Share via


SQL Server In depth: What can Cause Index to be Still Fragmented After Rebuild

   


Introduction

You would have always come across scenario where even after rebuilding the Index fragmentation would not have decreased or would have not changed much or even would have increased. A quite few of us know that when page count for an Index, which can be seen from sys.dm_db_index_physical_stats, is very less (perhaps less than 1000) one should not consider rebuilding that index because fragmentation on index with small page count would hardly cause any I/O issue  and fact being that since index is small pages are most likely to be in memory so no physical I/O would be required to get page and hence  fragmentation would not come in picture. But what happens internally which causes index to be still fragmented after rebuild ?  


Scope

This article will try to show the reader how and why fragmentation still remains in index even after rebuild. Please also note that its not necessary that index rebuild for indexes which have page_count value >1000 will severely decrease fragmentation. As a fact there are lot of scenarios where index rebuild for large tables did not affected fragmentation much.  


Reason

Microsoft Books Online (The SQL Server 2000 BOL is now removed by MS so the link is not present. Although its for SQL Server 2000 but gives very accurate definition )says that there is hardly any performance gain in rebuilding index with page_count <1000.

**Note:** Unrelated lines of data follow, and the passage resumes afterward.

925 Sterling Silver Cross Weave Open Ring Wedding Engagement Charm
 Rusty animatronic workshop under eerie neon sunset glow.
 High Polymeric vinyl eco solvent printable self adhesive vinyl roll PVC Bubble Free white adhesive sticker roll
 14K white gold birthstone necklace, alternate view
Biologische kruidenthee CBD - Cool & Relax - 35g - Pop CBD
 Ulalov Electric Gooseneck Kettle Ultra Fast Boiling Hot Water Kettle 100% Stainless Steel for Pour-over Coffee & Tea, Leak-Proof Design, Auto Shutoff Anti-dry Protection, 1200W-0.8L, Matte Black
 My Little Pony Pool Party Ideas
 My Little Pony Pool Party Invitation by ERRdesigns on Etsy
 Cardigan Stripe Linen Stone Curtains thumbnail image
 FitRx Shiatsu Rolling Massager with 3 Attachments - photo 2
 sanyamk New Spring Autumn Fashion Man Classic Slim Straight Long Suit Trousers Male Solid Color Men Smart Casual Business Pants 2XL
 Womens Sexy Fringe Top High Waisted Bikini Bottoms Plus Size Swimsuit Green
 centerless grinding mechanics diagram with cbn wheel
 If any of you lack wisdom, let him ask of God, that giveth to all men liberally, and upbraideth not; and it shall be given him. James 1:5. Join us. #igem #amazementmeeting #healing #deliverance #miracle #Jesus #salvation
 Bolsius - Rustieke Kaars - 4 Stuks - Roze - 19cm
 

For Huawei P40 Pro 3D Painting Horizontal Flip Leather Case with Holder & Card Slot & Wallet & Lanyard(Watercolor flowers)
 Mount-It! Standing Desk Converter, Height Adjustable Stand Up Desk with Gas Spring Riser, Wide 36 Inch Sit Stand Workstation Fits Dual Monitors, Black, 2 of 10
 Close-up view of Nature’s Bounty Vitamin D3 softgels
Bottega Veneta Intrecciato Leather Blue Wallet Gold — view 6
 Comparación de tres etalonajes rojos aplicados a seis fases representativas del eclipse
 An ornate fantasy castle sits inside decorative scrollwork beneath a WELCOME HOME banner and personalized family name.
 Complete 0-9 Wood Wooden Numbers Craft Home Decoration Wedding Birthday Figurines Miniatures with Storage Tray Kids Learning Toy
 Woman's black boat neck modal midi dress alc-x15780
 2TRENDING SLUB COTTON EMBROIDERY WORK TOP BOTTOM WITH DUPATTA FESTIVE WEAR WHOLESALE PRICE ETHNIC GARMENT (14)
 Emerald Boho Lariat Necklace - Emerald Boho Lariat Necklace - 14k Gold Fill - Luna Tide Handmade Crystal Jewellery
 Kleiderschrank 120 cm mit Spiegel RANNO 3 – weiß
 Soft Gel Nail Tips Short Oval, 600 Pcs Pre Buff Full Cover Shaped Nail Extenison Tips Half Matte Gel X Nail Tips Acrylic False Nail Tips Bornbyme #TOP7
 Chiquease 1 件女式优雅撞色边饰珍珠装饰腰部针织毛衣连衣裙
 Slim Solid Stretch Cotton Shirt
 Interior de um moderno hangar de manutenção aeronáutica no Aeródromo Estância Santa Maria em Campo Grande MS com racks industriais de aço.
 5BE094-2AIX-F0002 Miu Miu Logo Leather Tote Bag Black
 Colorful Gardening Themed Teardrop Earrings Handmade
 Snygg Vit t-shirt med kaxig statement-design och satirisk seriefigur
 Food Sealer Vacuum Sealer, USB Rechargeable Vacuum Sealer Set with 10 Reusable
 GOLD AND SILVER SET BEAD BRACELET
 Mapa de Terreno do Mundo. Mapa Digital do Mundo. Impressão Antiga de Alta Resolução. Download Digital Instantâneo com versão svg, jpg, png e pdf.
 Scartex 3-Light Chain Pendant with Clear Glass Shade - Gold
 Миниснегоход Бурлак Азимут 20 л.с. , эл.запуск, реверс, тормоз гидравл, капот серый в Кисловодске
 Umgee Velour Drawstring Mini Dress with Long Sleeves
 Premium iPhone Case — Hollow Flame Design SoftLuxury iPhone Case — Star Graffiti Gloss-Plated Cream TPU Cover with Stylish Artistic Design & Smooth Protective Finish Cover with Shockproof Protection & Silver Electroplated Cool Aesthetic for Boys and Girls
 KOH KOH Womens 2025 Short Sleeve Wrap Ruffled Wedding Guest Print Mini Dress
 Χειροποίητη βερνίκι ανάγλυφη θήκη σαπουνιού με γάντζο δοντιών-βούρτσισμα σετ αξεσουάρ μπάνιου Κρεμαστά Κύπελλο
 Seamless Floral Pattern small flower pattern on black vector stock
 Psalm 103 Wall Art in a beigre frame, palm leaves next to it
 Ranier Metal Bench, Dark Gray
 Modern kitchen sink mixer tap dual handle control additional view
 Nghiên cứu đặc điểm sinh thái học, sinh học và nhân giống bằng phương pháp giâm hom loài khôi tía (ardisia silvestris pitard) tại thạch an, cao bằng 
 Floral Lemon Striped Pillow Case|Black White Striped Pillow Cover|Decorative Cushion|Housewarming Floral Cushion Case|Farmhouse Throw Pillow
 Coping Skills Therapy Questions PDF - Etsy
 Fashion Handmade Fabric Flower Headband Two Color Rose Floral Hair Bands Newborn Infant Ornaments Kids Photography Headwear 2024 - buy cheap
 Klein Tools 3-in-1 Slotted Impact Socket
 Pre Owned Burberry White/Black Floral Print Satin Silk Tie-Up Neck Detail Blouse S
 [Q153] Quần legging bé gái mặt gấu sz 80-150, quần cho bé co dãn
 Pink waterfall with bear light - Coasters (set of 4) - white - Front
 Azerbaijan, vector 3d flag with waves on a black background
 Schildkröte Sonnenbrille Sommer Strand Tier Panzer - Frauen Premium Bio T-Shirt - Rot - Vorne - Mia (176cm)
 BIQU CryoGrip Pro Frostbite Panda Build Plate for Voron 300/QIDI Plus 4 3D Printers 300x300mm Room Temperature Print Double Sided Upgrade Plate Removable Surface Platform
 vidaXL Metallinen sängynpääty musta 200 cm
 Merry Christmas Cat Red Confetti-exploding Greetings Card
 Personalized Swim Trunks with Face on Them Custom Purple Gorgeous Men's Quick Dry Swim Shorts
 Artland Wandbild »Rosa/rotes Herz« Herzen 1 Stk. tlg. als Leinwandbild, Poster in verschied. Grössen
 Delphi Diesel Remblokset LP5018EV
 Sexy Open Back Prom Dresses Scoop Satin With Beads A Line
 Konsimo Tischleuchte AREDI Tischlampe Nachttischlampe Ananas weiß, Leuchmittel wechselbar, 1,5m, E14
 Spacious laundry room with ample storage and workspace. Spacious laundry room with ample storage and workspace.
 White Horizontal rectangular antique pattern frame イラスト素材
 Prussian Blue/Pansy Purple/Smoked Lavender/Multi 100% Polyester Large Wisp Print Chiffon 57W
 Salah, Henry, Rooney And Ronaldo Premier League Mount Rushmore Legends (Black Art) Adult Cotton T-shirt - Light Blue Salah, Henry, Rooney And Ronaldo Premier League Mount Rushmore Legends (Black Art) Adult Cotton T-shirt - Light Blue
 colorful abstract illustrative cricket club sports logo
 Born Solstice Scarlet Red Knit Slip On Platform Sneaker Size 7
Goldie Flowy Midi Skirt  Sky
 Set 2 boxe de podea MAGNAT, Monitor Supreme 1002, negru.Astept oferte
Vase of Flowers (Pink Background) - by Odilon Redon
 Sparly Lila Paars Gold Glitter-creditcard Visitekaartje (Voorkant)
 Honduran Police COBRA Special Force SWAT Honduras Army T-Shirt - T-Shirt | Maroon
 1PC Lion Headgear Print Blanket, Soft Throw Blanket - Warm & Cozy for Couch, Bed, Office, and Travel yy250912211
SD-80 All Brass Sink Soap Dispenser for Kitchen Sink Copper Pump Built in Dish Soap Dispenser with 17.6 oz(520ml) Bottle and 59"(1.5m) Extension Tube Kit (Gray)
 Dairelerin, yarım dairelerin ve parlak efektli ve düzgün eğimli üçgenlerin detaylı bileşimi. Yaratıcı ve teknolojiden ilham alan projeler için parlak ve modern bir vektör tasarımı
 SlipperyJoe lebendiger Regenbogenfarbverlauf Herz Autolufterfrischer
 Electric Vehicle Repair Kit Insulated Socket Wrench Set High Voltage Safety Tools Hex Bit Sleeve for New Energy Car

*Fragmentation affects disk I/O. Therefore, focus on the larger indexes because their pages are less likely to be cached by SQL Server. Use the page count reported by DBCC SHOWCONTIG to get an idea of the size of the indexes (each page is 8 KB in size). Generally, you should not be concerned with fragmentation levels of indexes with less than 1,000 pages. In the tests, indexes containing more than 10,000 pages realized performance gains, with the biggest gains on indexes with significantly more pages (greater than 50,000 pages).
*
Below is reply from Microsoft  Team on a This Connect Item which was raised to understand why fragmentation did not decrease even after rebuild.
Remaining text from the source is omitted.